(Beginning of EXTRACTED ENTRIES)

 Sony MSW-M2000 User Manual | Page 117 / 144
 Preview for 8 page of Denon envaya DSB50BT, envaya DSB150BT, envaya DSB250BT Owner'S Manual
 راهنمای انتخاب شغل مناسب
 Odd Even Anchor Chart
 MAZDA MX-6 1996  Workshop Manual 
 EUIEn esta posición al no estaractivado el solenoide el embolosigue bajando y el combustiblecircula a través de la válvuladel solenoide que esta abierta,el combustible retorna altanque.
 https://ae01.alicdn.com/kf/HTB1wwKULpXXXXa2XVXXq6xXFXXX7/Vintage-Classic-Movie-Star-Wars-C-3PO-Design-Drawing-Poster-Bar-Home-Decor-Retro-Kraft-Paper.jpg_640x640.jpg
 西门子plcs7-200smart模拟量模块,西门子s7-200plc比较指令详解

(End of EXTRACTED ENTRIES)

**WORK INSTRUCTIONS**. Starting at the first line of the data above, please restate word for word every line up to and including the one that holds "EUIEn esta posición", and add nothing else.

**TASK RESULT**.
 Sony MSW-M2000 User Manual | Page 117 / 144
 Preview for 8 page of Denon envaya DSB50BT, envaya DSB150BT, envaya DSB250BT Owner'S Manual
 راهنمای انتخاب شغل مناسب
 Odd Even Anchor Chart
 MAZDA MX-6 1996  Workshop Manual 
 EUIEn esta posición al no estaractivado el solenoide el embolosigue bajando y el combustiblecircula a través de la válvuladel solenoide que esta abierta,el combustible retorna altanque.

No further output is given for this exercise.